Bubur Ayam Sudah Tidak Ada
Oleh : Zuya

“Pak, buburnya enak. Beli di mana?” tanyaku penasaran.

Aku tidak berlebihan dalam memuji. Rasa bubur yang dibawakan Bapak selepas salat Maghrib tadi memang sangat enak. Aku dan Kakak sampai lahap sekali menghabiskannya.

“Tadi dapat di masjid pas buka puasa bersama. Karena ingat kalian, Bapak minta sama Nenek Sumi buat membungkusnya.”

Bapak pernah bercerita tentang Nenek Sumi yang selalu menjadi orang kepercayaan para pengelola masjid untuk membuatkan bubur sebagai makanan buka puasa orang-orang. Aku sempat heran kenapa semakin hari semakin banyak saja yang buka puasa di sana. Apa hebatnya dari bubur ayam?

Sekarang aku tahu, ternyata bubur buatan Nenek Sumi memang sangat enak. Ah, kenapa Nenek Sumi tidak jualan saja? Aku yakin pasti banyak yang beli.

“Syukurlah tadi sempat minta, kalau enggak, mungkin sudah habis.”

“Kalau gitu, besok Gina ikut Bapak buka puasa di masjid, ya?”

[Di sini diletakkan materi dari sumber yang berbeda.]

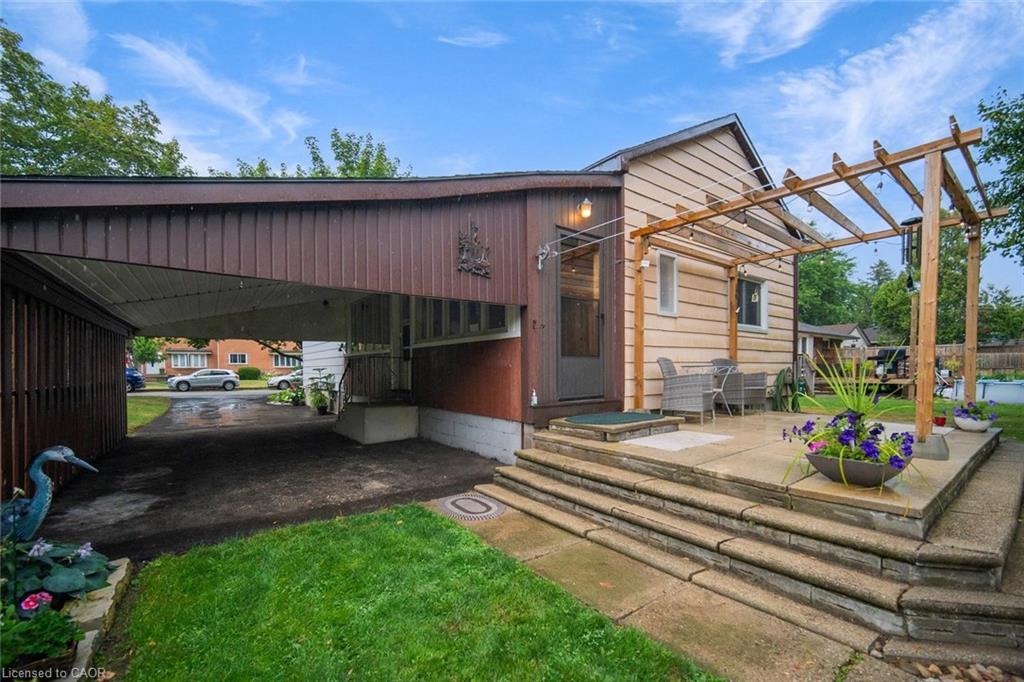 69 Bee Street, Woodstock, ON - Outdoor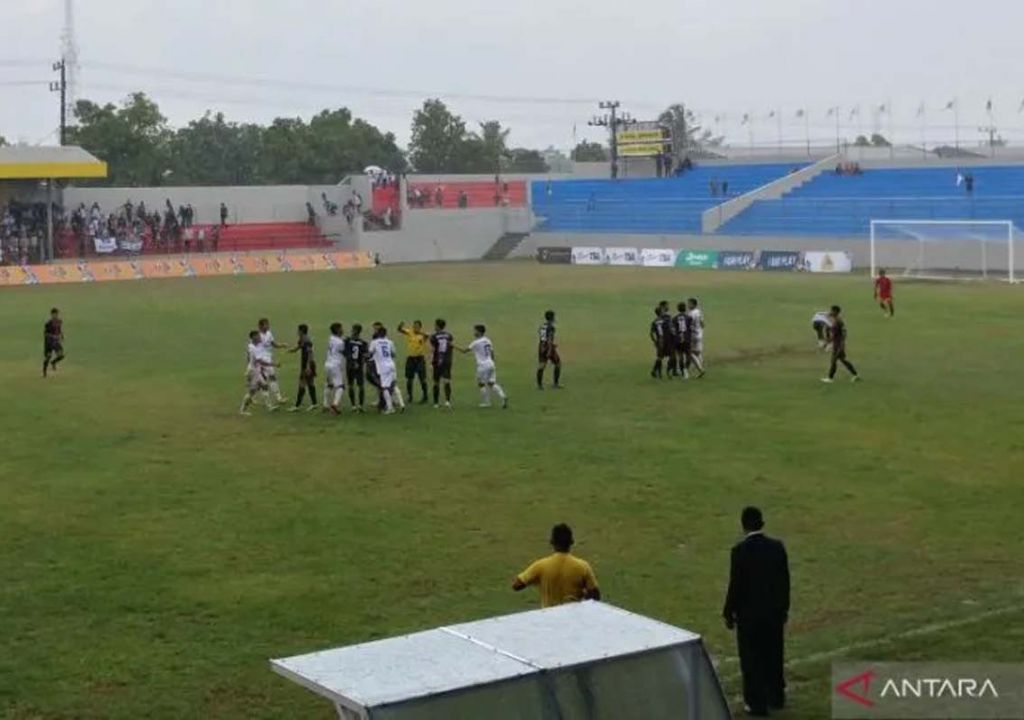 Sepak Bola Porprov Jatim 2022, Jember vs Kota Malang Ricuh - GenPI.co JATIM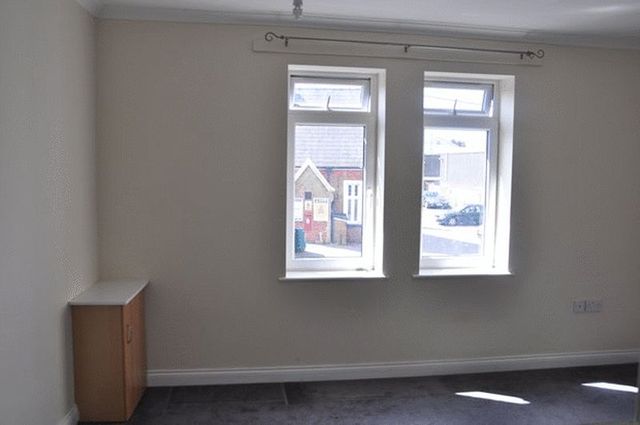  Image of 1 bedroom Flat to rent in Station Road North Totton Southampton SO40 at Station Road North Totton Southampton, SO40 3AB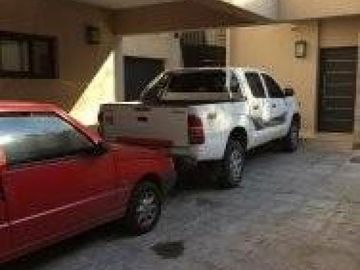 VENDO - ITUZAINGO NORTE CENTRO- CHALET DE 5 AMB.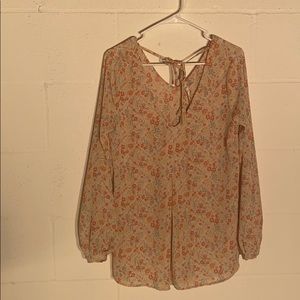 Lauren Conrad  v neck med EUC floral bell sleeve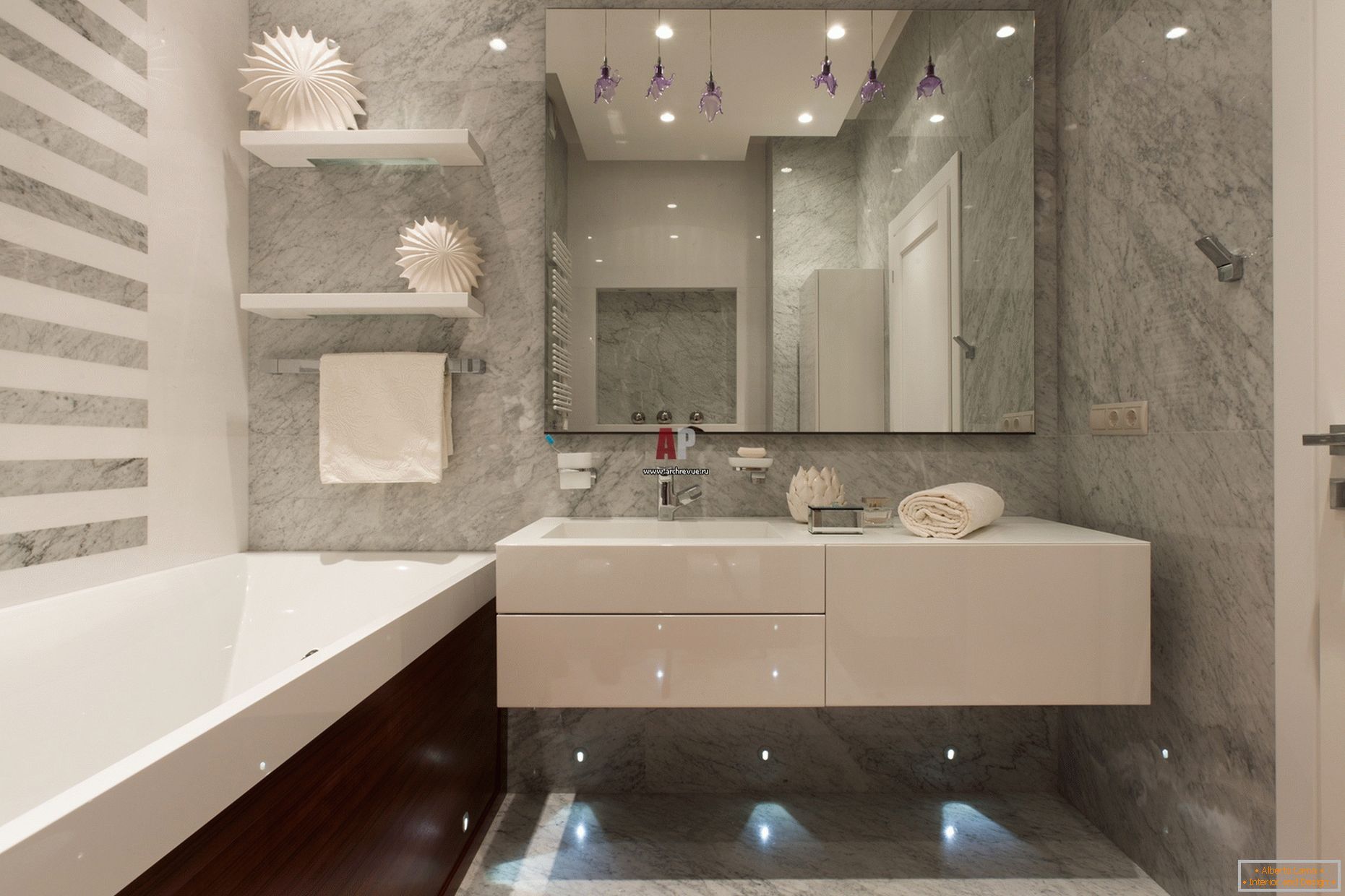 Interior of a small combined bathroom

Bapak langsung terkekeh mendengar ucapanku. “Ada-ada saja kamu. Di sana semuanya para lelaki seperti Bapak. Gak ada yang bawa anak kecil. Sudah, kamu buka puasa di rumah saja dengan Ibu dan kakakmu.”

***

Aku sudah tidak pernah lagi merasakan kelezatan bubur ayam buatan Nenek Sumi. Sudah dua malam ini, setelah Bapak sampai rumah usai salat Maghrib dari masjid, aku akan menghampiri dan menagih janjinya untuk membawakan bubur buatan Nenek Sumi.

“Bapak bawa bubur ayamnya, kan?”

“Maafkan Bapak, Gin. Tadi buburnya habis. Bapak lupa berpesan sama Nenek Sumi untuk meninggalkan beberapa porsi untuk kalian.”

Mendengar kalimat itu aku hanya bisa menggerutu karena sebal. Bapak payah sekali, sudah dua kali aku titip, malah gak ada. Lupa terus alasannya.

Karena aku sudah tidak sabar lagi, daripada harus menunggu Bapak selepas salat Maghrib, lebih baik aku putuskan untuk ke rumah Nenek Sumi saja yang berada tepat di samping masjid. Tentu saja alasannya untuk meminta bubur buatannya.

Baru berdiri di depan terasnya saja aku sudah mencium aroma yang sangat sedap. Aduh, kalau saja tidak lagi puasa, aku pasti sudah lari ke dapur Nenek Sumi dan makan bubur buatannya.

“Ada apa, Gina?”

Tak salah tebakanku, Nenek Sumi pasti ada di rumah.

“Gina bisa minta buburnya?” Aku berdiri di hadapannya sembari mengangkat mangkuk plastik yang sudah aku bawa dari rumah. “Kemarin titip sama Bapak, tapi gak dibawakan. Katanya lupa.”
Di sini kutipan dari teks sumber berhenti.